Steven S. DeKnight, a mente criadora do mega-sucesso conhecido como Spartacus, é o responsável pelo desenvolvimento da série e, enquanto as gravações decorriam, afirmou que a sua grande inspiração foi The Wire. Apesar de não ter atingido o grau de subtileza desta, Daredevil encontra-se empenhada em explorar os elementos do seu universo que estão mais directamente relacionados com submundo do crime. Aliás, Matt e Foggy são advogados e não existe forma de contornar este elemento narrativo.

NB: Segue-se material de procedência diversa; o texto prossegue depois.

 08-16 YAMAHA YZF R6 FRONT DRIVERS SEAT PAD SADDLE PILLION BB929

Uma das mais impressionantes conquistas que a série consegue alcançar é exactamente o modo como constrói o seu próprio universo dentro de um que já está perfeitamente estabelecido. Se nunca viste um filme da Marvel, mas queres ver esta série, não terás dificuldade alguma em ambientar-te. Especialmente, porque não existe uma única personagem que aparente estar fora do seu ambiente. As grandes estrelas do enredo são, sem qualquer sombra de dúvida, o vulnerável, mas também manipulador D’Onofrio, que será o futuro Kingpin, e Vondie Curtis-Hall no papel do repórter Ben Ulrich, uma personagem que traz um realismo energético às cenas em que entra. Ah! E num mundo perfeito Rosario Dawson estaria presente em todos os episódios de Daredevil (aliás, por mim, num mundo muito diferente, mas igualmente perfeito, ela seria o Daredevil). Mesmo assim, a actriz consegue trazer um pouco de sanidade e de balanço no meio do caos e da violência em que estes 13 episódios se desenrolam.

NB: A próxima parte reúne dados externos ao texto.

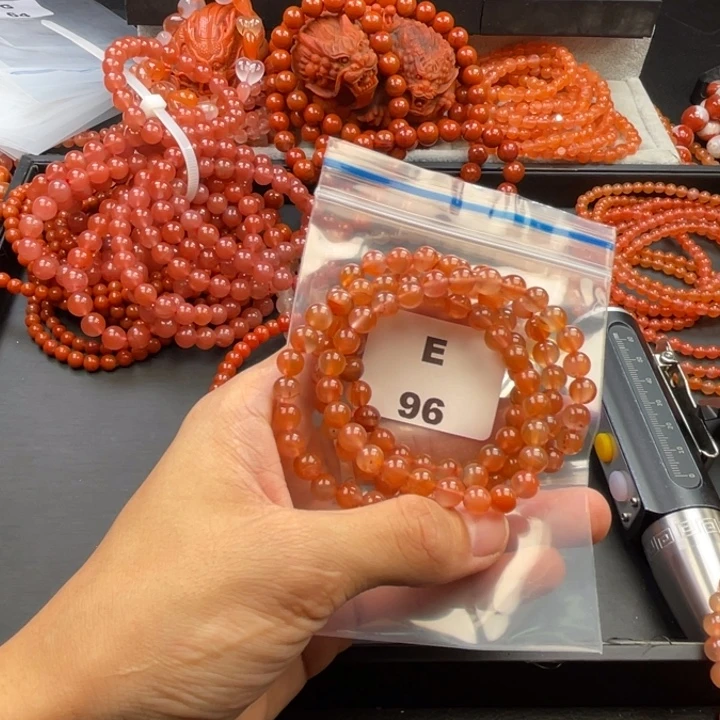 南红玛瑙未镶嵌多样性发货默认微瑕称重7mm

Tenho ainda de fazer referência a Charlie Cox, que consegue fazer de Matt Murdock seu e fazer-nos acreditar que é americano, quando na realidade é um actor de origem britânica. Ele funde-se tão perfeitamente com o papel que está a desempenhar que chegamos a esquecer-nos do terrível erro que foi o filme de 2003.
O único ponto negativo que posso apontar a Daredevil é que, apesar de ter definido um herói que procura defender os abusados e oprimidos, pode não ser verdadeiramente capaz de criar uma temática que faça da sua premissa divertida numa grande série de televisão, como a Netflix (onde é transmitido) nos habituou. Não me entendam mal, a série desenvolve muito bem os seus personagens, ao ponto de chegarmos quase a compreender melhor as motivações do vilão do que do herói, e oferece bastantes momentos de entretenimento. Só que não consegue ainda ser uma versão de super-herói da The Wire. E talvez seja parvo esperar isto de uma série de televisão, mas aquilo que mais adoro hoje em dia no panorama televisivo é o facto de que consegue surpreender-me e Daredevil deu bons sinais. Só me falta surpreender.